The supplement books for the WoW RPG -- on my dining room table.

 

Bad:

• You need to fill those books with content.

This last issue is the one that got us. Of course, a lot of material about the Warcraft setting already exists, and we could print it in our books: what happened during the War of the Ancients, a description of the Dustwallow Marsh, and the story of Arthas's fall, for example. We did indeed print all these things -- despite the fact that true fans probably knew them already or knew where to find them. Our books were not complete without this information, plus we wanted the books to serve as a compiled reference source for the Warcraft setting.

We wanted to add additional content to the books as well. RPG books can be a great resource for material that, for whatever reason, you can't release in the video game, and we wanted to use that potential. Also, fans have a right to expect new content in their RPG books.

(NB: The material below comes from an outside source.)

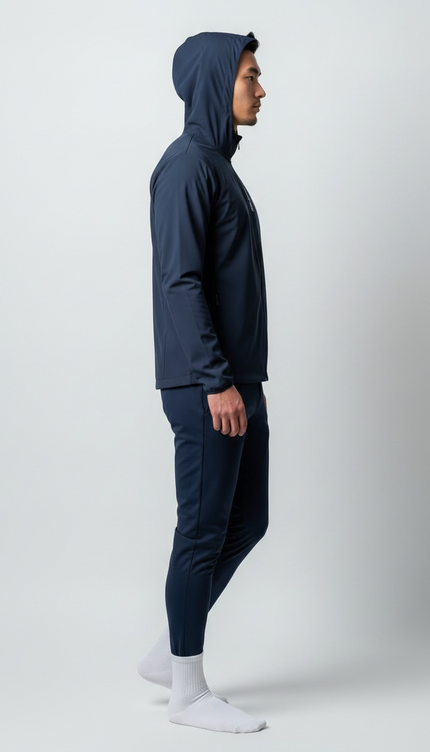 Outdoor 1.0 Running Hooded Jacket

So we asked Blizzard for more information. And they gave us some -- information from expansions and patches that were in development at the time, or things that they hadn't yet had a chance to deliver to the fans.

Yet this information still wasn't enough. So, as writers, we started making up stuff. That's what we generally get paid to do, after all.


For the RPG, we had to delve into unexplored aspects of Warcraft lore, like high elf culture and history.

Such a turn of events was both unavoidable and unsurprising. When you're writing these books, you need to make up things. How orc culture feels about mages, for example, or what the streets of Stormwind would be like for a poverty-stricken child. We extrapolated from existing material, coming up with a clearer and more detailed picture of what Azeroth would be like for someone who truly lived in it.

However, Blizzard didn't feel comfortable allowing a third party, like us, to invent stuff about the Warcraft world. That's understandable, certainly, but definitely a problem if you're a roleplaying game line.